Here's how to think about it: the novice carpenter makes the thing. The skilled carpenter makes the thing that makes the thing — the jig, the fixture that lets the same cut happen reliably without a skilled steady hand guiding every pass.
The conceiving and making of the jig is a good example of an abstraction of work.
It's not even close to a new idea. Recipes do the same job for cooking. Templates and checklists do it for office work. A list of instructions to get something done. A macro does it for repetitive clicks.
In pretty much every skilled endeavour, at some point someone stops doing the task directly and starts building something that lets the task get done reliably by someone — or something — else.
Working with AI is basically forcing that move on everyone. Instead of doing the task yourself, you're stepping back and helping AI do the task — writing good enough instructions, building the right structure, so AI can reproduce the result reliably, at a scale no individual could match by hand. Get the instructions wrong, and AI reproduces the mistake at the same scale. That's the trade-off.
Business analysts, process improvement specialists, and countless others have been professional abstractors for decades in modern business settings. Abstracting work was their day job. Now it's everyone's job.
Not new, just on a new scale — impacting more people. This used to be something a few experienced people did occasionally. Now it's much of the job for many people.

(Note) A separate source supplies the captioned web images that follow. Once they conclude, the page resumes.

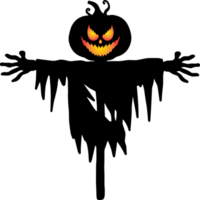 silhouette d'épouvantail d'halloween png
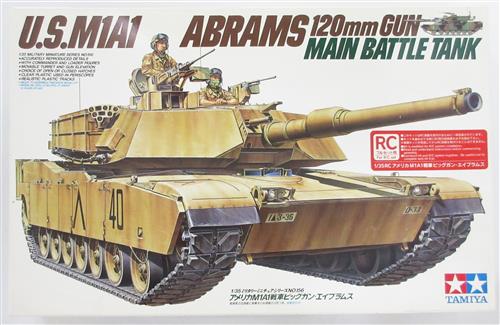 ミリタリーミニチュアシリーズ NO.156 アメリカ M1A1戦車 ビッグガン・エイブラムス RCフルセット用 [タミヤ]
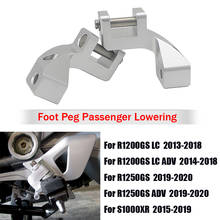 For BMW R1200GS LC 2013- R 1200 GS LC ADV 2014- R1200GS LC Adventure Foot peg Motorcycle Passenger Footpeg Lowering Kit 2018 2024 - buy cheap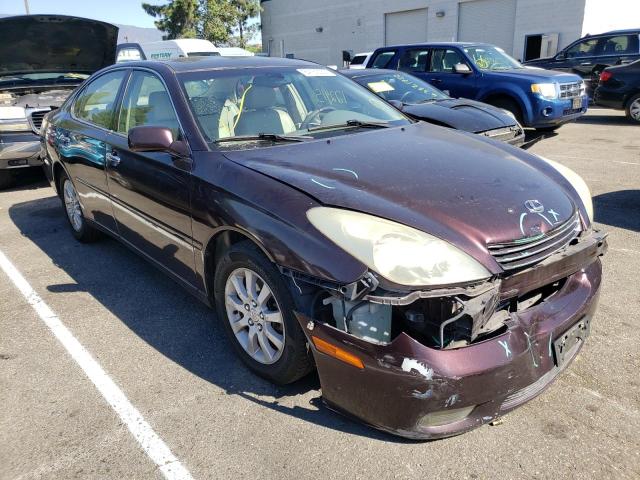 LEXUS ES 330 2004 with VIN JTHBA30G540004232 - Photo from auction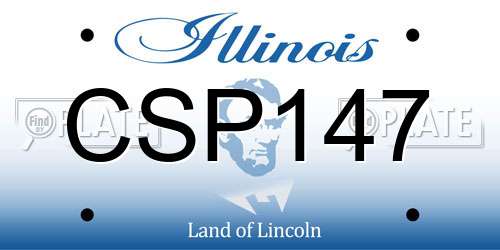 CSP147 Illinois License Plate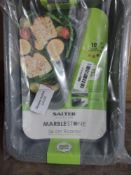 Salter BW02774G Marble Collection Carbon Steel 36cm Non Stick Roasting Pan. RRP £13.99 - GRADE U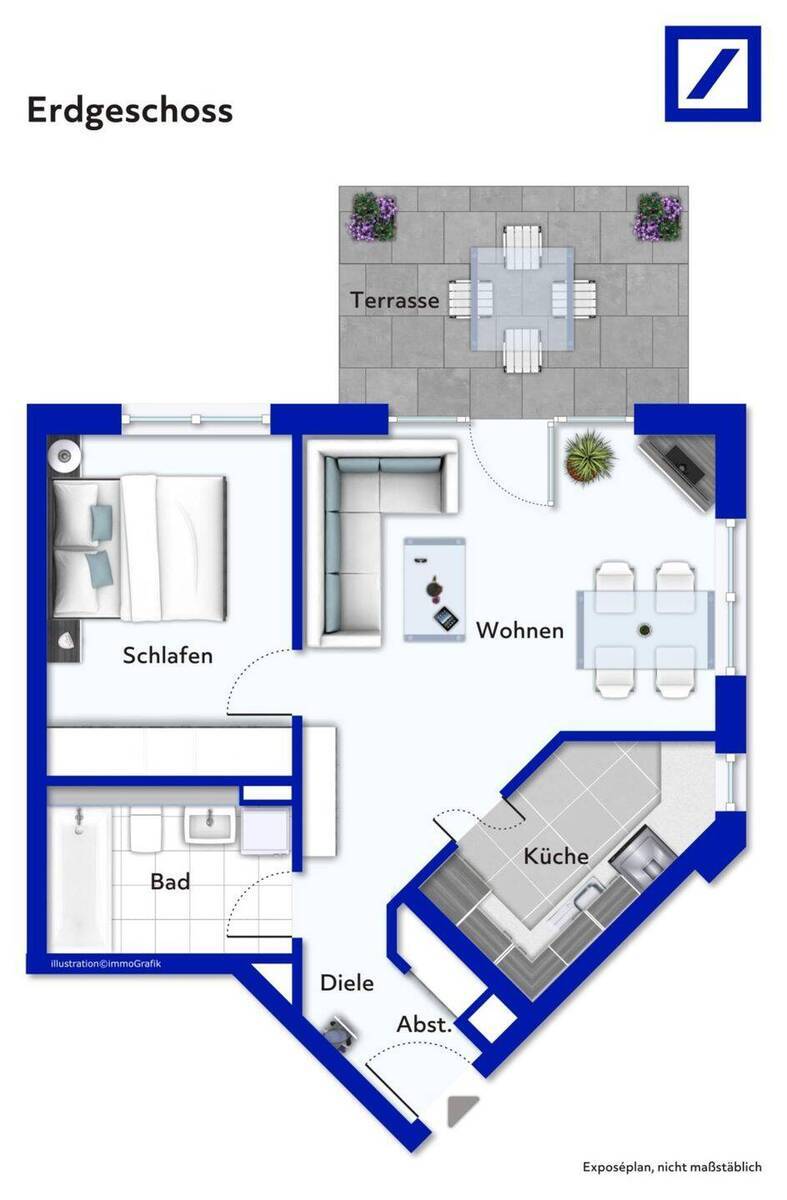 Wohnen oder Investieren: Stilvolle 2,5-Zimmer-Wohnung mit Terrasse & Top-Ausstattung in Rheinnähe !!!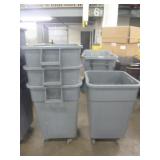 4 Garbage Cans on Casters
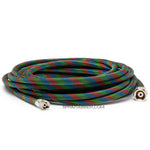 Iwata 20' Braided Nylon Covered Airbrush Hose with Iwata Airbrush Fitting & 1/4" Compressor Fitting Iwata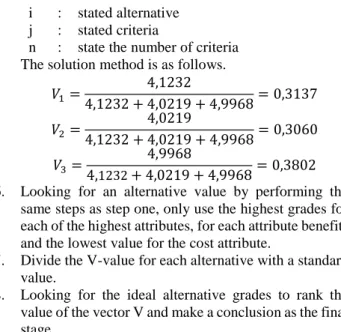 Table 4. Alternative Values and Criteria 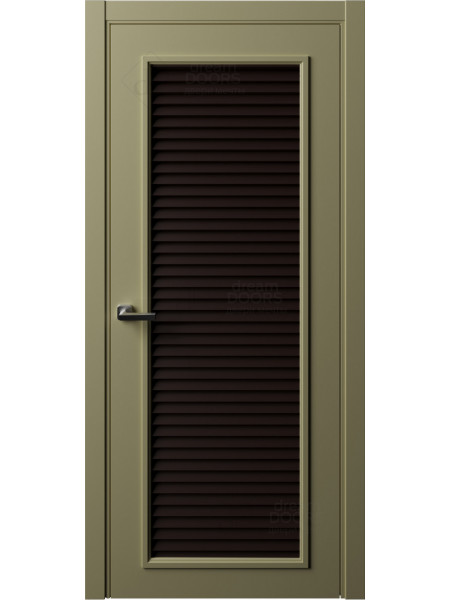 Дверь Dream Doors Жалюзийная 1 (двухцветная), ПВХ Дверь Dream Doors Жалюзийная 1 (двухцветная), ПВХ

And it's not something you do once and move on from. Working with AI, in an AI Business 2.0, means operating significantly at the abstracted level as the normal shape of the job — not a transition project with an end date, but the ongoing substance of the work itself. The jig doesn't get built once and left alone; it keeps getting rebuilt, because what AI can do keeps changing, and so does what's worth abstracting next. This isn't a phase people pass through on the way to somewhere else. It's what the job is now.
And once you've abstracted the work into something reusable, the people who used to do that work by hand start looking redundant to each other, not just to the machine. Ten accountants doing basically the same job never used to look like duplication — they looked like a department. Once the job gets written down, templated, directed, then ten copies of the same capability aren't as inherently useful as they were.
Full, reductionist dedupe — stripping a function down to what's sometimes worth calling its Minimum Viable Agentic Business Unit, the bare floor that still functions — is one path, and sometimes it's the right one. But it's the crudest first-order response, not the only one. There's a more strategic, multi-dimensional version of this decision, and it gets its own full treatment in the next piece in this set, The Deduplication of Labour.
This is the same thing sometimes called "the dedupe" — just made very concrete and human here: a room full of colleagues, one abstraction away from that room getting a lot smaller.
But deduplication is a crude view of what to do as a result of AI Labour. An unconsidered deduplication is a collapse.
That collapse has many actual costs, beyond the obvious headcount story. You lose built-in redundancy. Ten people weren't just ten units of output — they were also cover for illness, a second pair of eyes catching mistakes, institutional memory spread across more than one or two heads. Compress the team and all of that gets compressed too, unless someone deliberately decides to keep some of it. There's a real difference between duplication that was always waste and redundancy that was always a deliberate buffer — worth knowing which is which before you cut either.
You break the talent pipeline. The traditional way people became senior was by doing the job long enough to build the judgment to do it without instructions, and eventually enough judgment to direct someone else doing it. If that repetitive tier is exactly what gets abstracted away first, that path just doesn't really exist anymore. Somebody still needs to grow into tomorrow's expert judgment. Nobody's fully worked out yet what replaces the apprenticeship that used to build it.
And accountability doesn't automatically survive the collapse either. Ten people reporting to a manager had an implicit answer to "who's accountable for this" built into the org chart. Two or three people plus whatever AI does the rest don't inherit that answer automatically — someone has to decide it on purpose, or it defaults to whoever's left standing, which isn't the same thing as actually deciding.
None of this is really about carpentry, or accounting, or any one profession. It's just what happens, structurally, any time "making the thing" turns into "making the thing that makes the thing" — which, in an AI business, ends up being most jobs eventually.